◆ THE PROBLEM ◆
Beneath this task are records; print exactly the stretch of them from the line with "Apartment Tenerife Americas" through the line with "Page 15 of Oatsui", both ends included.

◆ INFORMATION SUPPLIED ◆
_ _ _ _ _

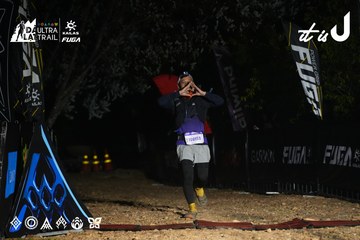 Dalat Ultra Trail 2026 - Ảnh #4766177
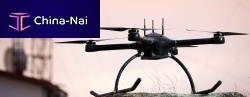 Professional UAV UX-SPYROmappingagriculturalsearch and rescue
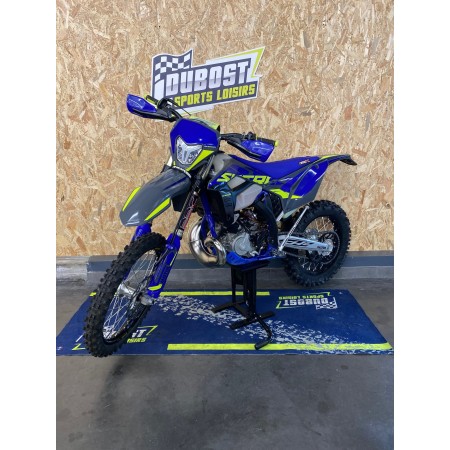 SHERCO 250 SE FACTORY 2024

_ _ _ _ _

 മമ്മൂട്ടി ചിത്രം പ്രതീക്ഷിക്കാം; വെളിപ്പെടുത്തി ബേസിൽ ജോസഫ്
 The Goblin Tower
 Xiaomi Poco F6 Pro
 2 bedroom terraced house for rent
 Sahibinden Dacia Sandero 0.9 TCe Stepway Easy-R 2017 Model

_ _ _ _ _

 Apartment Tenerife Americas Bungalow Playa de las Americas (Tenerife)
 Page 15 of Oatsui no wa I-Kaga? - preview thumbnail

_ _ _ _ _

◆ OUTPUT ◆
 Apartment Tenerife Americas Bungalow Playa de las Americas (Tenerife)
 Page 15 of Oatsui no wa I-Kaga? - preview thumbnail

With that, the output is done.